Reid’s main arguments on common sense revolved around his reaction to the ideas by Hume and Berkeley. Hume believed that a person can never comprehend what the world which is external for him/her consists of, since human knowledge is restricted by the ideas that are present in human mind. Berkeley, in his turn, maintained that the external world is just ideas inherent in human mind. Both Berkeley and Hume asserted that a mental phenomenon exists as perceptions of certain mental objects (Yaffe & Nichols, 2009, [online]).
Contrary to these philosophers, Reid asserted that the foundations of common sense provide a justification to human belief in the existence of an external world. Reid provided response to the arguments by Hume, both naturalistic and skeptical by devising a set of common sense principles. He saw them as the basis of rational perception of the world and rational thought. To illustrate, any person who commits oneself to a philosophical argument must unconditionally presuppose particular beliefs.
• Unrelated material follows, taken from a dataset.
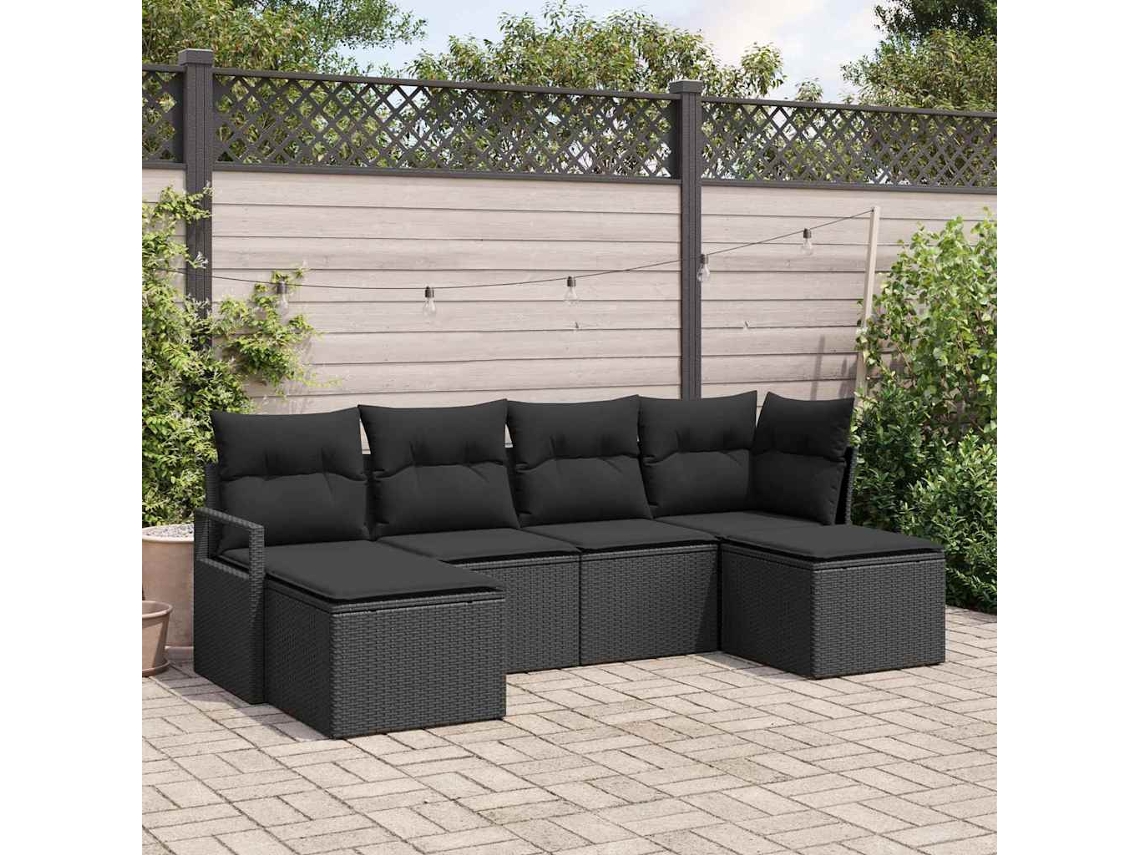 Vidaxl Conjunto De Sofás Com Almofada 6 Pcs Preto Vime Pe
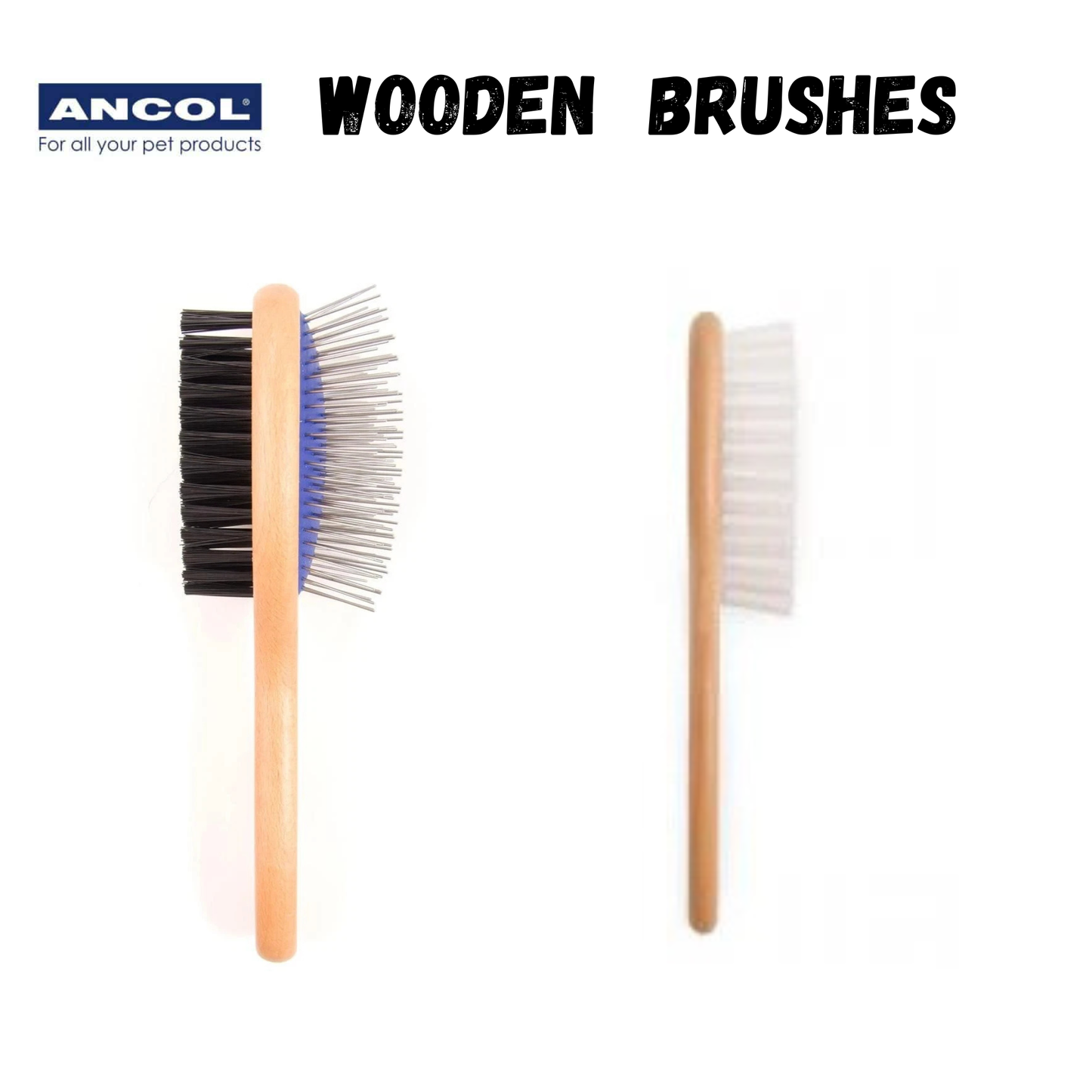 Ancol Ergo Wooden Handle Grooming Brushes – Double Sided & Soft Bristle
The examples are I am speaking to a real person, or the external world does exist under the laws which remain unchanged. Along these claims, more presuppositions can be found, which are all positive, meaningful, and reality-based. In this context, it is worth mentioning that Reid does not see the belief in these principles’ rightness as something rational. Instead, he asserts that it is reason that demands that the aforementioned principles act as prerequisites and that it is human mind that inherently produces them.
Thus, the question of sanity arises here, which Reid believes leans back on his understanding of the common sense functioning. In relation to this, Reid writes, “For, before men can reason together, they must agree in first principles; and it is impossible to reason with a man who has no principles in common with you.” (Reid, 1846, p.230). Reid also believed that qualities are to be in “(.) Something that is figured, colored, hard or soft, that moves or resists. It is not to these qualities, but to that which is the subject of them, that we give the name body.
If any man should think fit to deny that these things are qualities, or that they require any subject, I leave him to enjoy his opinion as a man who denies first principles, and is not fit to be reasoned with.” (Reid, 1785, p.766) While Reid’s position on common sense can be well understood through analyzing his criticism of Hume, I would like to briefly outline his ideas regarding Hume’s understanding of knowledge. As it has already been mentioned, Hume along with Descartes, Locke, and Berkeley developed the ideal theory of human mind, which Reid refuted by offering the positive idea of mind instead.